The Senate late Monday rejected two initiatives that would have repealed a part of the health care reform bill that increases dramatically the number of 1099 tax forms small businesses must send out every year. The news disappointed the National Lumber and Building Material Dealers Association (NLBMDA) , which noted that the Senate's failure occurred even though the idea of repeal enjoys bipartisan support.
"What is it going to take for our senators and representatives to stop the party politics and get back to working for the American people and job creators, namely small businesses?," NLBMDA president Michael O'Brien asked. "NLBMDA will continue to fight for repeal, and we urge all of our members to contact their senators to not only express their frustration with the recent votes, but to continue to urge the repeal of a provision that will significantly hurt lumber dealers and small businesses across the country and severely weaken the already fragile economy."
The New York Times quoted Senate officials as saying they expect another vote on repeal would come soon.

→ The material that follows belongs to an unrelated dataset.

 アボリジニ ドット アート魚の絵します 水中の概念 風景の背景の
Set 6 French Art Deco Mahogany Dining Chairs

The Senate debate regarded a provision of the health care reform act requiring all business that spend at least $600 with a vendor, supplier, or contractor must file a 1099 tax form with the Internal Revenue Service identifying who got the money. It was included in as part of Obamacare because the requirement is expected to generate $17 billion in new revenue, thus helping pay for health care initiatives. But small-business groups such as the NLBMDA have blasted the provision as a huge administrative burden.

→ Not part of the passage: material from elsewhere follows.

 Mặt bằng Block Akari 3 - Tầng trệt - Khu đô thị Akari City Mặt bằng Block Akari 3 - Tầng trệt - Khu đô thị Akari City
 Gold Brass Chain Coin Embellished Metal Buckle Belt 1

The protests raised over the provision eventually got so loud that Senators from both parties and even the Obama administration said the law should be scaled back in some way. (Story)
While general support for change was strong, there weren't enough senators who agreed on the details to provide the two-thirds vote needed to attach the repeal to a food-safety bill now on the Senate floor. An amendment by Sen. Max Baucus, D-Mont., that would have repealed the 1099 provision with no offsetting spending cuts lst on a 44-53 vote, while an amendment by Sen. Mike Johans, R-Neb., that would have covered the repeal with cuts to other parts of the health reform bill lost by a 61-35 vote.

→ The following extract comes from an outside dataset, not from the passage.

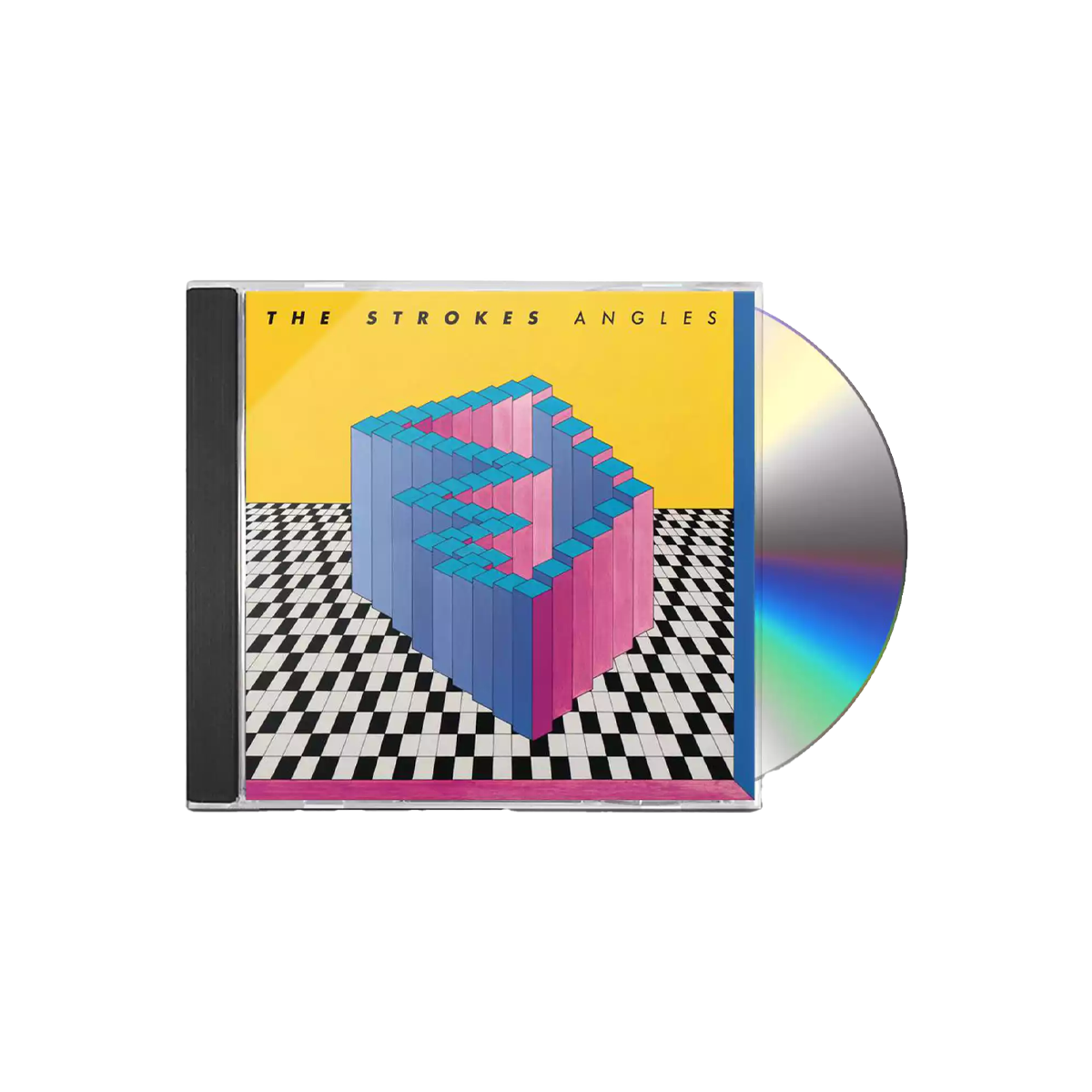 CD poking out of the case with a cover art featuring a geometric design with pink and blue blocks on a checkered background, with the album title 'Angles' and the artist name 'The Strokes'.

The provision survived because of the complex politics of the Senate," the Times story said. "Some lawmakers were reluctant to back repeal on Monday since the rule change would have been added to a popular food-safety law that is nearing approval, potentially jeopardizing its passage. In addition, dueling Democratic and Republican proposals allowed lawmakers to register their disapproval of the 1099 requirement whether the repeal passed or not."